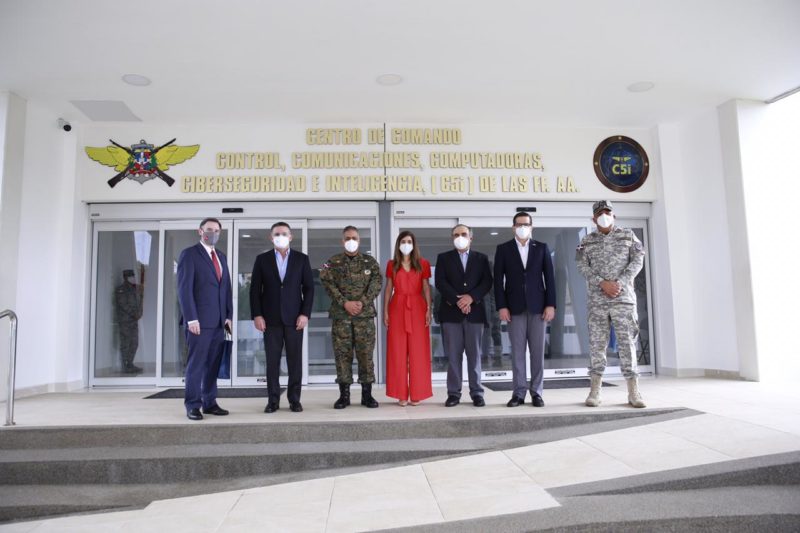 Empresarios del CONEP visitan al Ministerio de Defensa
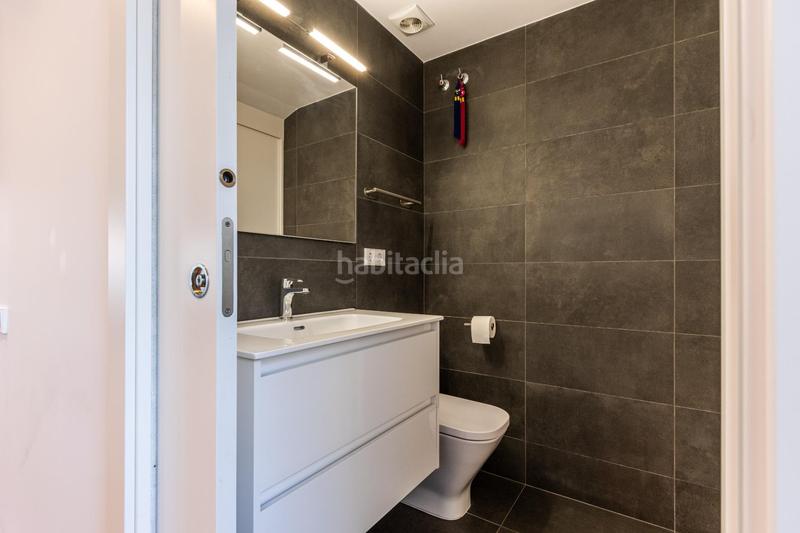 Foto 38d3db3b-a4c1-4215-a6a2-63767c861c7a. Attico con riscaldamento parcheggio in Centre Sabadell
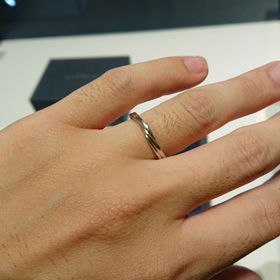 【銀座ダイヤモンドシライシの口コミ】 ずっと着けるものなので、太すぎると気になってくると思い、指輪の厚みに…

> Instructions for the task
Write out the listing above exactly, images omitted.

> Written response
 Empresarios del CONEP visitan al Ministerio de Defensa
 Foto 38d3db3b-a4c1-4215-a6a2-63767c861c7a. Attico con riscaldamento parcheggio in Centre Sabadell
 【銀座ダイヤモンドシライシの口コミ】 ずっと着けるものなので、太すぎると気になってくると思い、指輪の厚みに…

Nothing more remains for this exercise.